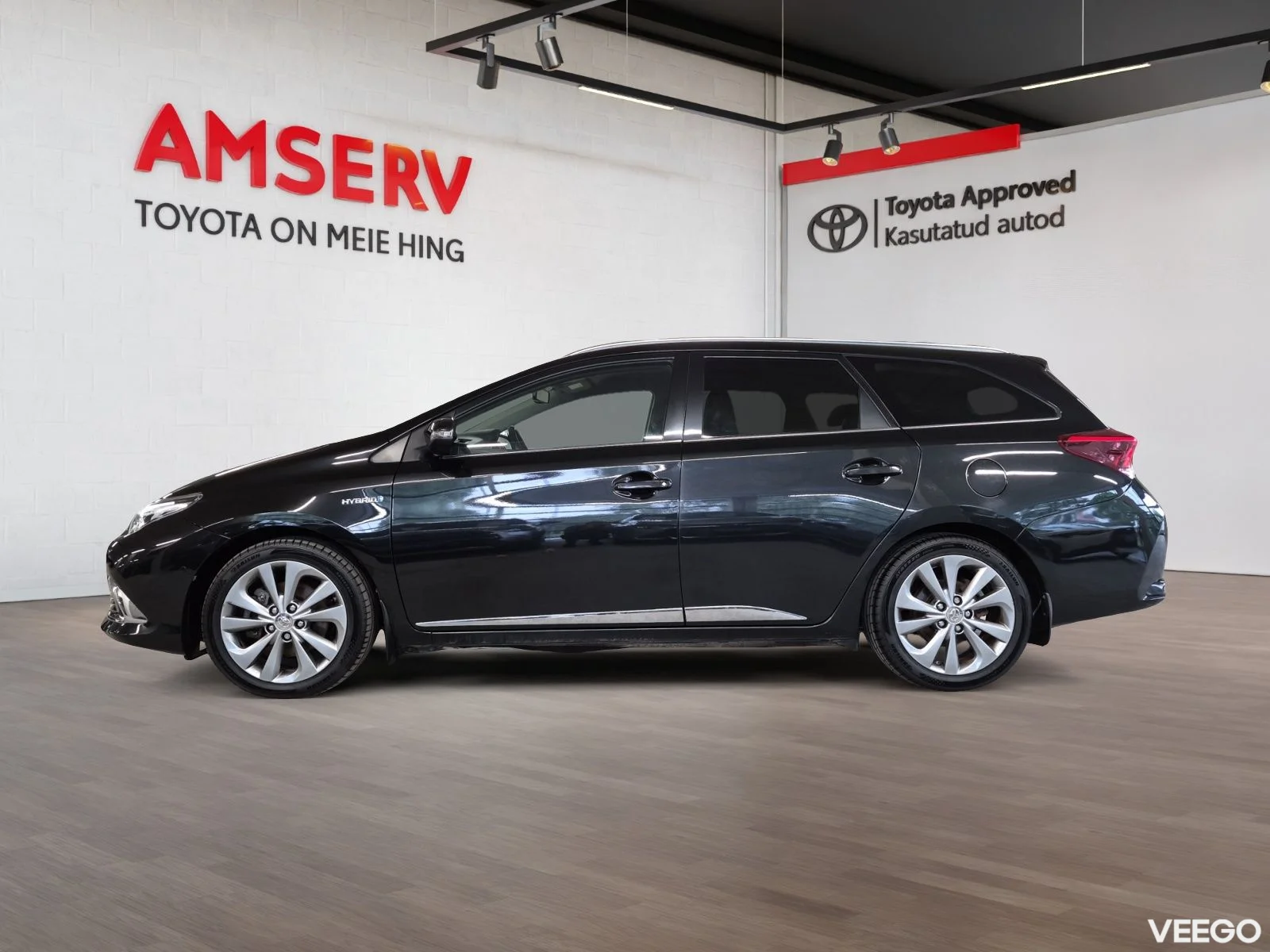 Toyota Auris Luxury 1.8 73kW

§

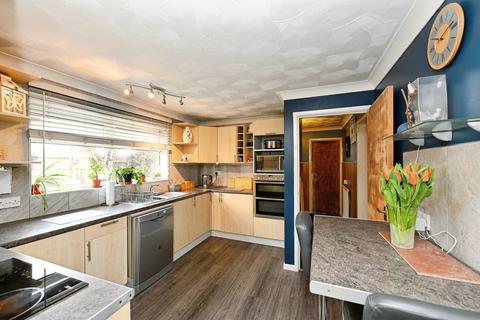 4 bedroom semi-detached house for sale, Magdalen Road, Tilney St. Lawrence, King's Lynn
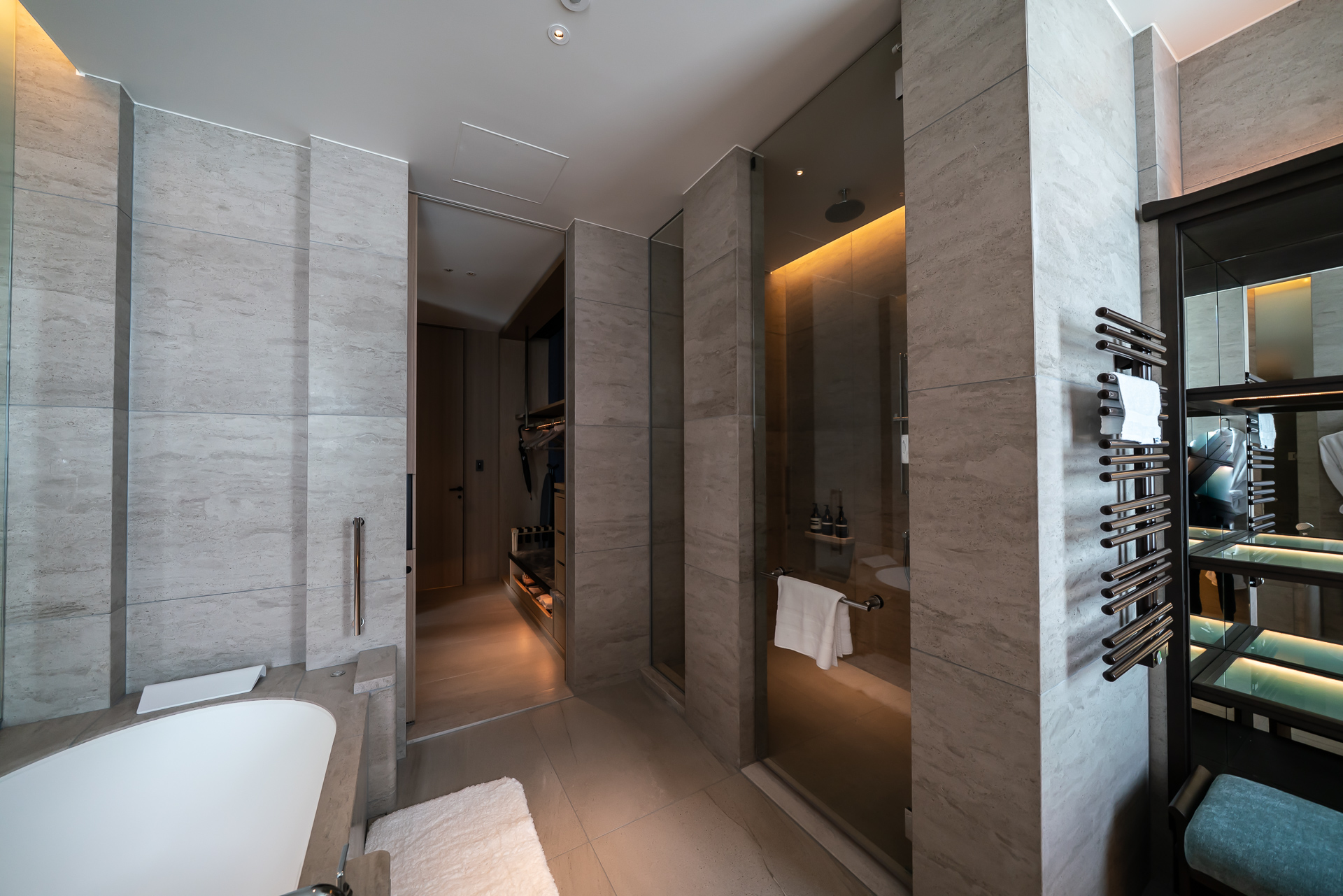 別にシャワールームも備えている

§

The answer is those lines of the material above that run from the one containing "4 bedroom semi-detached" up to and including the one containing "別にシャワールームも備えている", restated exactly and without images.

 4 bedroom semi-detached house for sale, Magdalen Road, Tilney St. Lawrence, King's Lynn
 別にシャワールームも備えている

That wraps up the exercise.